Pero Bernie Sanders, el favorito en la primaria demócrata, no es un demócrata tradicional. De hecho, ni siquiera es miembro del partido. Él mismo se define como socialista democrático, no como un socialdemócrata, y sus declaraciones pasadas sobre Fidel Castro, así como sus viajes a la Unión Soviética y a Nicaragua, reflejan su apoyo de décadas a la izquierda radical.
Los seguidores de Sanders destacan que el socialismo que él tiene en mente es la socialdemocracia al estilo escandinavo. Pero Sanders aún no ha articulado ninguna diferencia ideológica o política con las tiranías indeseables que ha respaldado, y se siente incómodo hablando del tema. Por el contrario, ha tendido a responder con la defensa tipo “Mussolini hizo que los trenes anden a tiempo”.
Existen, por supuesto, otras lecciones políticas que aprender de Venezuela. El economista y premio Nobel Paul Krugman responsabiliza por el destino del país a los generosos programas sociales durante los años del boom petrolero (2004-2014). Cuando el precio del petróleo cayó, el gobierno recurrió a la impresión de dinero para financiar los consiguientes grandes déficits fiscales, y esto condujo a la hiperinflación. Según este discurso, el problema fue que había buenas intenciones, pero una mala gestión macroeconómica, no “socialismo”. Por el contrario, Moisés Naím y Francisco Toro culpan principalmente a la cleptocracia por el colapso de Venezuela.

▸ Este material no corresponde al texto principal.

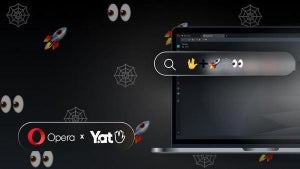 Operaで絵文字のみのURL利用可能に、絵文字入りのURL販売するYatと提携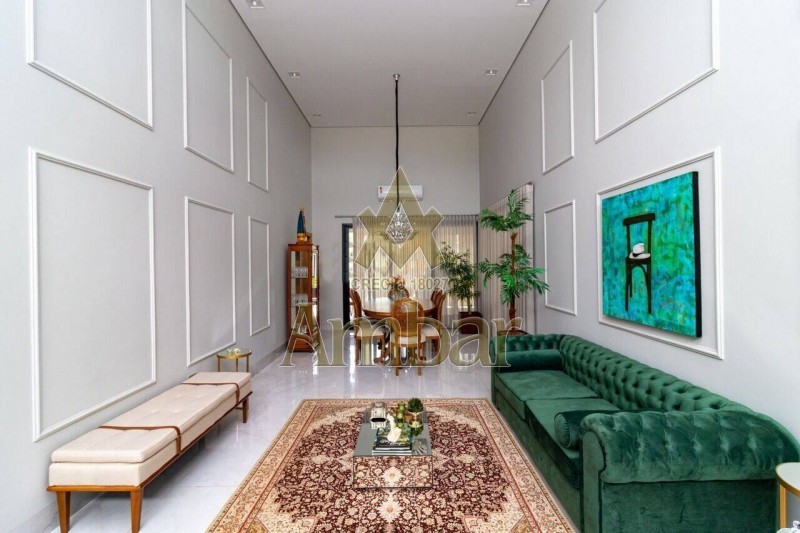 Ambar Imóveis | Imobiliária em Ribeirão Preto | Casa de Condomínio - Bonfim Paulista - Ribeirão Preto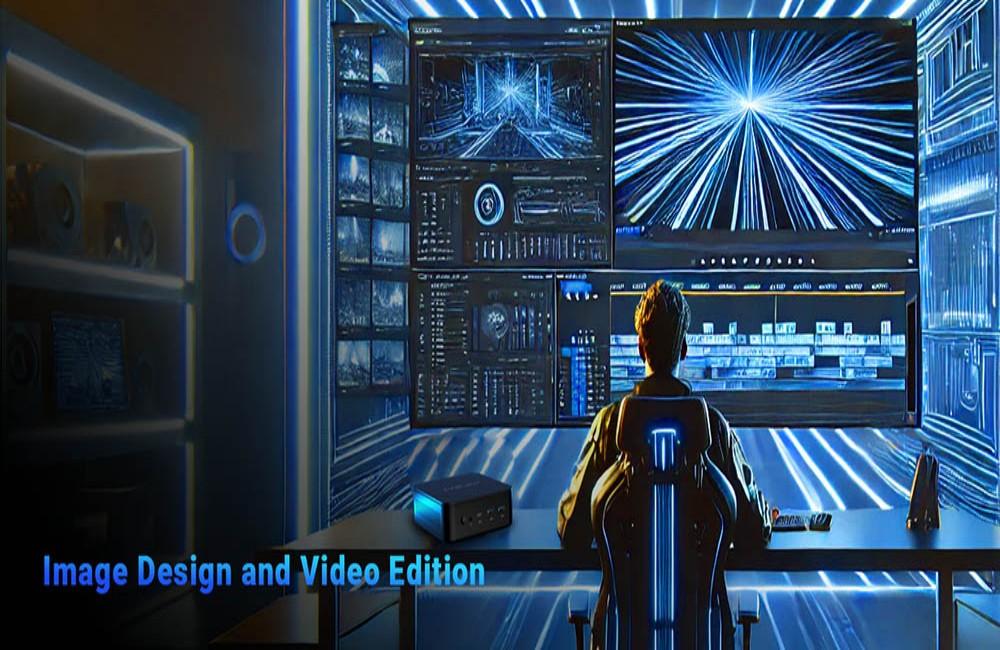 Refurbished:MINIX NGC NR660 Mini PC, AMD Ryzen 5 6600H Cores Max 4.5GHz, 16GB RAM 512GB SSD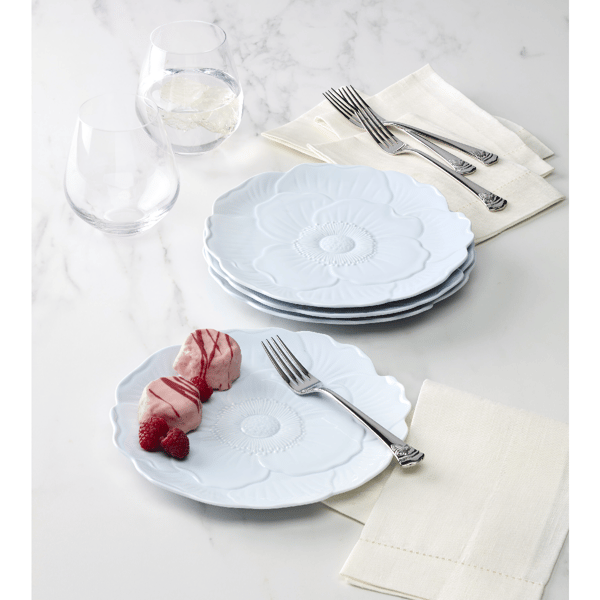 Lenox® Butterfly Meadow® Floral Blue Accent Plates - Set of 4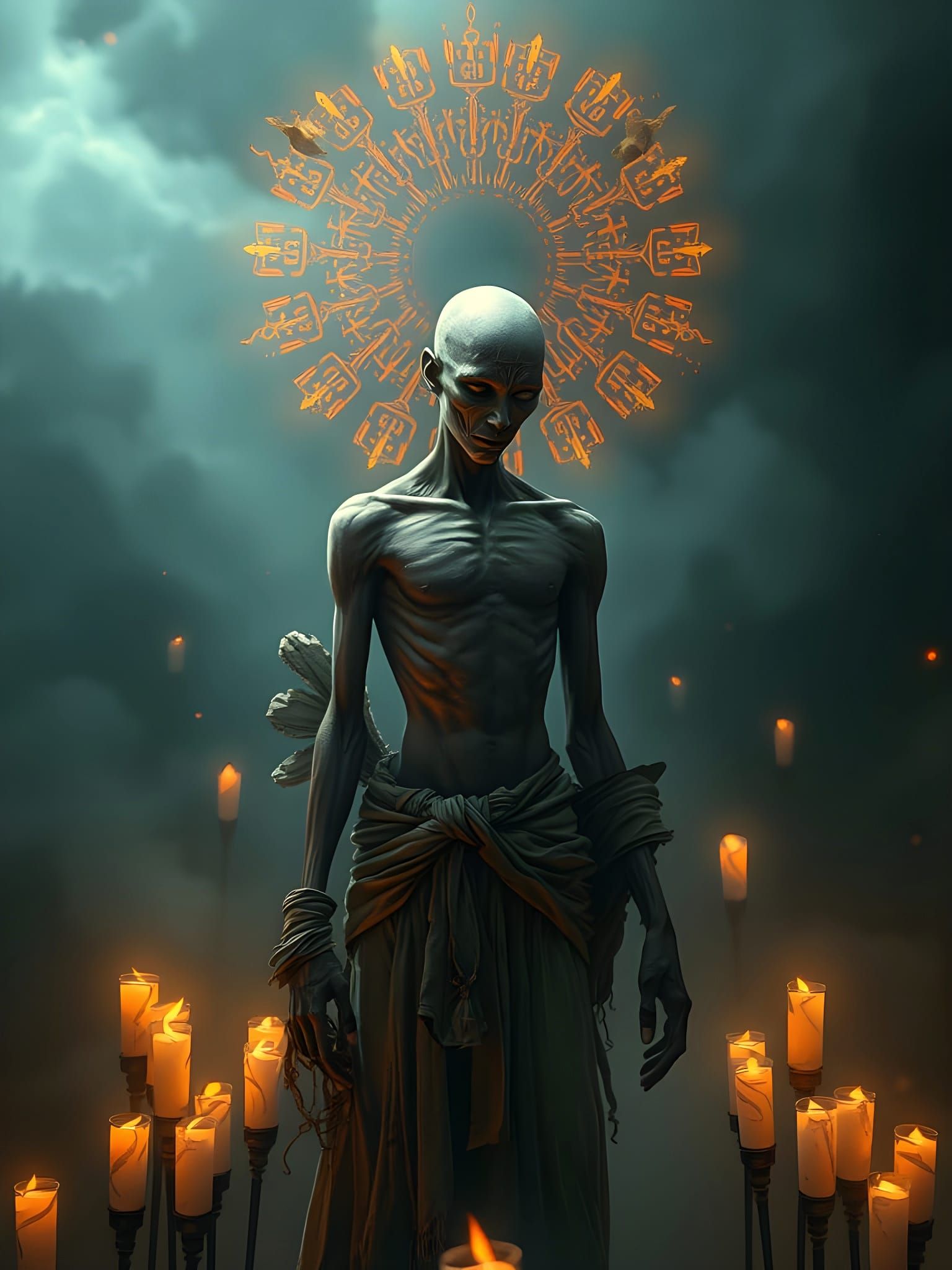 The Lurking Horror of AIDS, 1980s Fantasy Art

Ambas son partes importantes de la historia del chavismo, pero ninguna le da al “socialismo” su debido lugar. Es más, al igual que Sanders, no explican cómo se diferencia el “socialismo” en Escandinavia de la versión tropical.
Por cierto, estos dos sistemas son prácticamente polos opuestos. El sistema escandinavo es profundamente democrático: la gente utiliza al Estado para darse a sí misma derechos y autonomía. Un sector privado pujante crea empleos bien pagados, y las relaciones de colaboración entre capital, gerencia y trabajadores sustentan un consenso que hace hincapié en el desarrollo de capacidades, la productividad y la innovación. Es más, dadas sus poblaciones relativamente pequeñas, estos países entienden que la apertura y la integración con el resto del mundo son fundamentales para su progreso. Se han fijado impuestos lo suficientemente altos como para financiar un Estado benefactor que invierte en el capital humano de la gente y la protege de la cuna a la tumba. La sociedad ha sido lo suficientemente poderosa como para “encadenar al Leviatán”, como dicen Daron Acemoglu y James A. Robinson en su último libro.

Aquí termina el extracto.